• Dataset excerpt

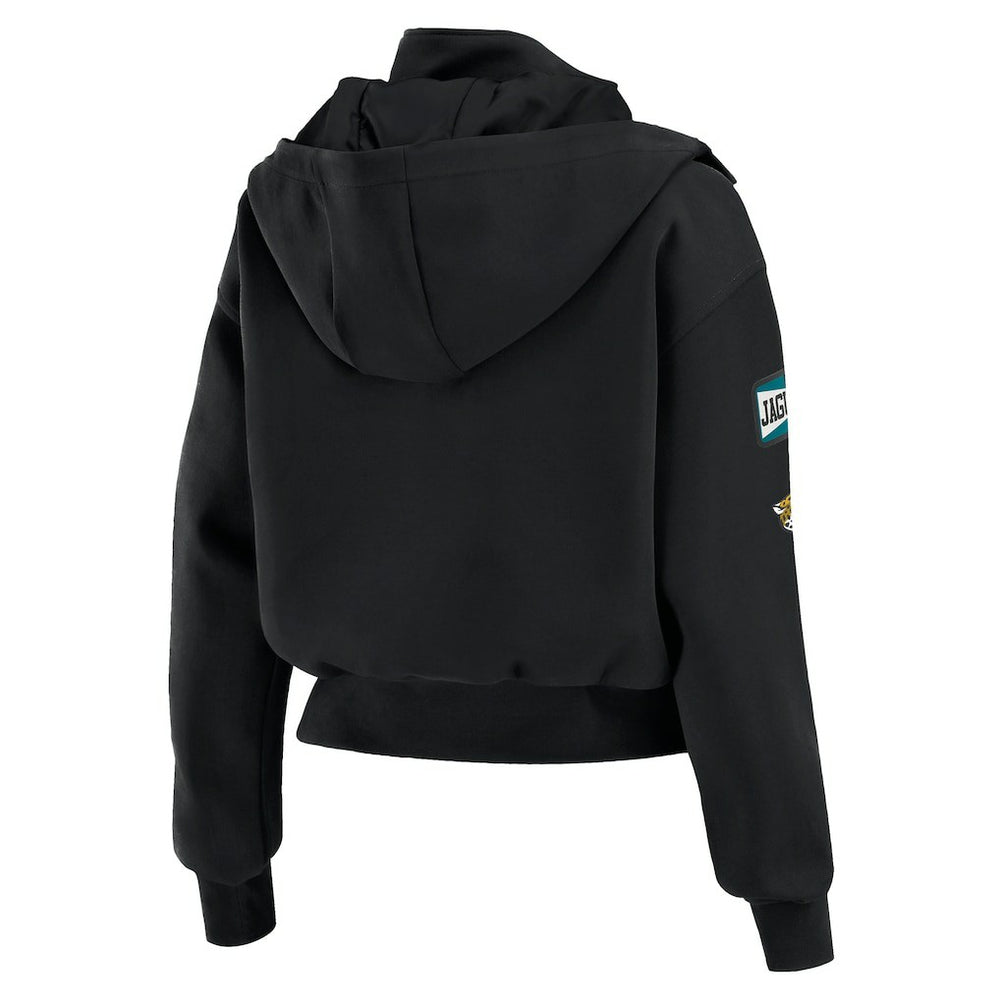 Jacksonville Jaguars  WEAR by Erin Andrews Women's Tri-Blend Patch Pocket Cropped Full-Zip Bomber Hoodie Jacket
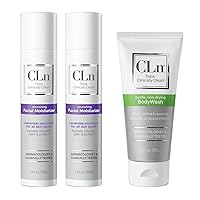 CLn Facial Moisturizer BodyWash Duo - (2) Facial Moisturizer 3.4oz & (1) BodyWash 3oz - Long lasting, lightweight, fast-absorbing, non-greasy formula. Recommended by dermatologists to lock in moisture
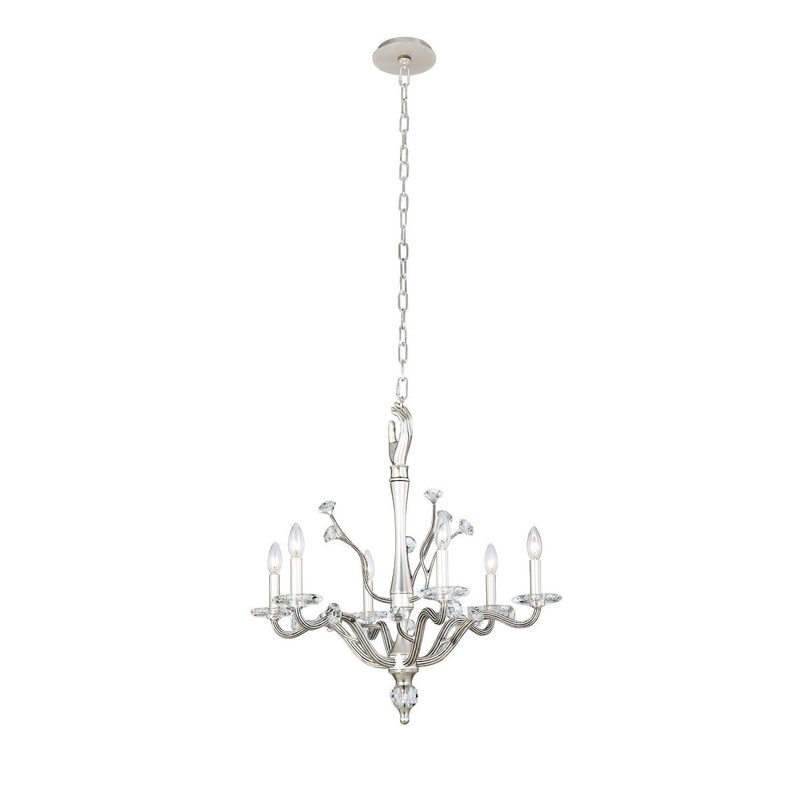 Venus Six Light Chandelier in Pewter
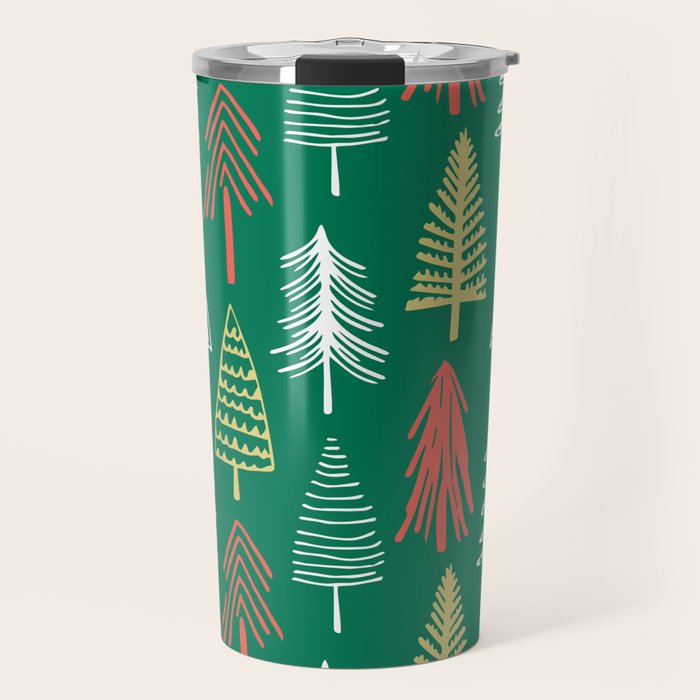 Green christmas pine tree doodle pattern Travel Mug Gallery Image 1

• What the task asks
Quote exactly the lines from the one that contains "CLn Facial Moisturizer" through the end of the listing above, both ends included, leaving out the pictures.

• Expected answer
 CLn Facial Moisturizer BodyWash Duo - (2) Facial Moisturizer 3.4oz & (1) BodyWash 3oz - Long lasting, lightweight, fast-absorbing, non-greasy formula. Recommended by dermatologists to lock in moisture
 Venus Six Light Chandelier in Pewter
 Green christmas pine tree doodle pattern Travel Mug Gallery Image 1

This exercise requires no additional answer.